# 2ter Monitor laggt/zieht nach!



## shawty0 (13. September 2017)

Heyo,

Ich habe mir einen zweiten Monitor zugelegt (acer cb241hy) der Full HD hat, IPS und 60 Hz!
Diesen betreibe ich über einen DP.

Mein Main-Monitor ist der Acer XB240H, mit 144 Hz welche ich mit der DVI Schnittstelle betreibe

Ich habe eine GTX1070 Gaming MSI 8G Graka und hab beide Monitore dort angeschlossen.

Nur ruckelt/laggt mein zweiter Monitor wenn ich fenster öffne/kleiner/größer ziehe oder Streame und mich in OBS anschaue!
Wie kann ich das beheben?

Danke!


----------



## HisN (13. September 2017)

den 144hz-Monitor auf 60hz schalten


----------



## shawty0 (13. September 2017)

Echt jetzt? Das fände ich aber mega lame für so ne teure Graka. Vor allem wenn ich PUBG streame, merkt man doch den unterschied von 144 auf 60 hz oder?
Will ja den nur für den Chat benutzen!


----------



## HisN (13. September 2017)

Du bist in guter Gesellschaft, die Hälfte der Mixed-Mhz-User hat Deine Probleme.
Bis jetzt hat leider keiner ein Patent-Rezept rausgehauen, wie er das Problem in den Griff bekommen hat.
Das lustige ist halt, das es scheinbar nicht jeder hat.

Hast Du vsync an?


----------



## shawty0 (13. September 2017)

Das ist ja mal mega dumm 

Wo kann ich denn schauen ob VSync an ist? Und wäre es dann besser einen mit 144Hz zu holen oder wie?!


----------



## HisN (13. September 2017)

Im Game?


----------



## Jerem1ah (13. September 2017)

Könntest versuchen den zweiten Monitor über deine IGPU laufen zu lassen falls du eine hast. 
Ansonsten drück mal Windows Taste + X geh unter System - Erweitert - Einstellungen und mach für optimale Leistung anpassen so das alle Häkchen raus sind. Das könnte eventuell den Input Lag beheben wenn du Glück hast.


----------



## Eol_Ruin (13. September 2017)

Oder testweise 120Hz statt 144Hz am primären testen.
Manchmal hilft das auch.


----------



## 0ssi (14. September 2017)

Und bei den 120Hz dann mal Beide mit HDMI laufen lassen statt DVI und DP.


----------



## shawty0 (15. September 2017)

Update:
wenn ich jetzt auf meinem Main Monitor mit dem Windows Media Player mir irgendwelche Videos anschaue, laggt/Flackert es auch extrem.

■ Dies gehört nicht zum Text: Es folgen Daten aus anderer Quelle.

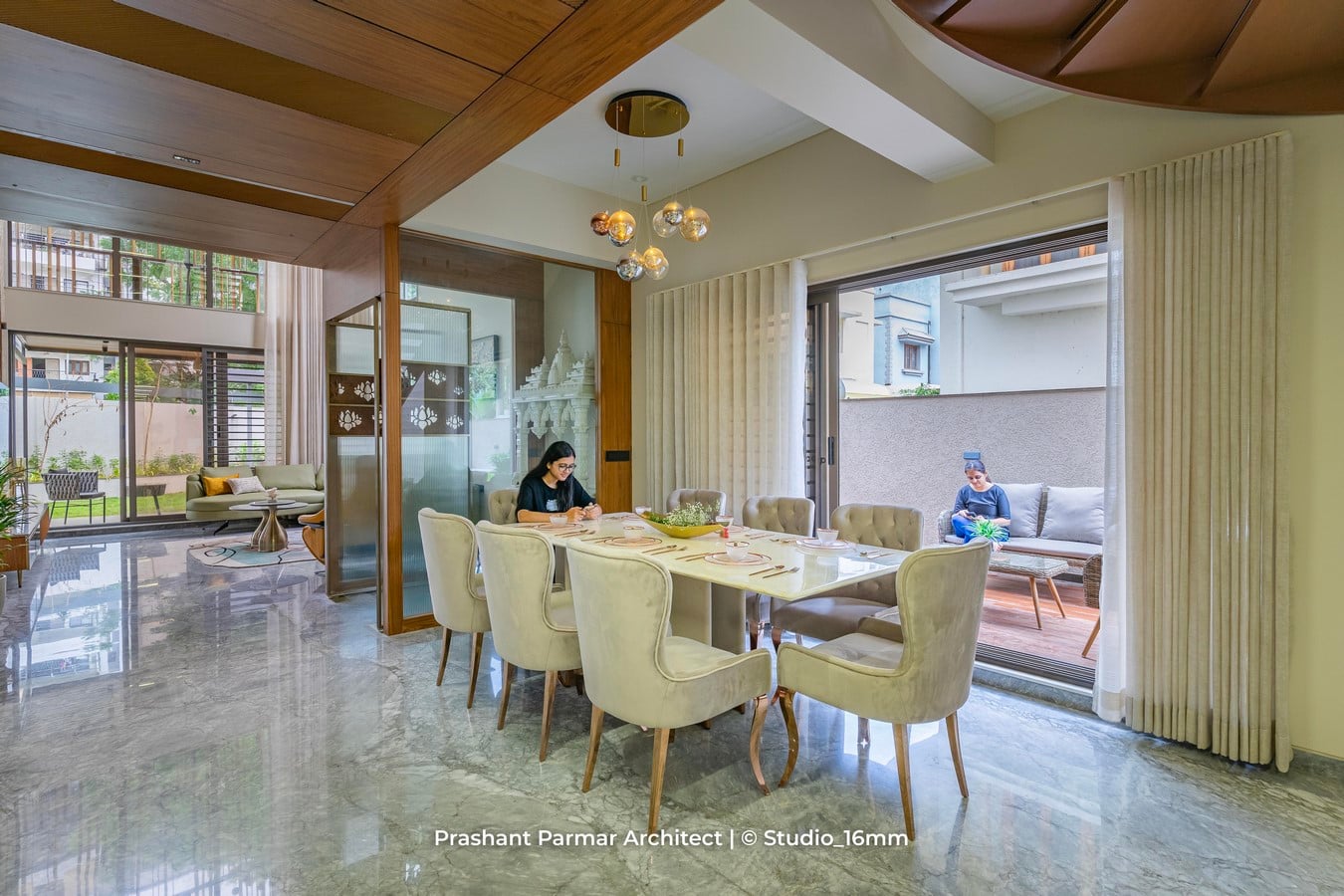 Bungalow at Satyagrah Chhavani by Prashant Parmar Architect-Sheet6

Liegt das daran das ich jetzt 2 Monitore angeschlossen habe? Kann mir darauf einfach keinen Reim machen


----------



## HisN (15. September 2017)

Nein, nur an der Tatsache dass es zwei sind, liegt es nicht.
Dann würden ja unglaublich viele dieses Problem haben.
Es sind aber nur die, die 144 und 60hz mischen (eventuell hoch die gsync/freesync User)


----------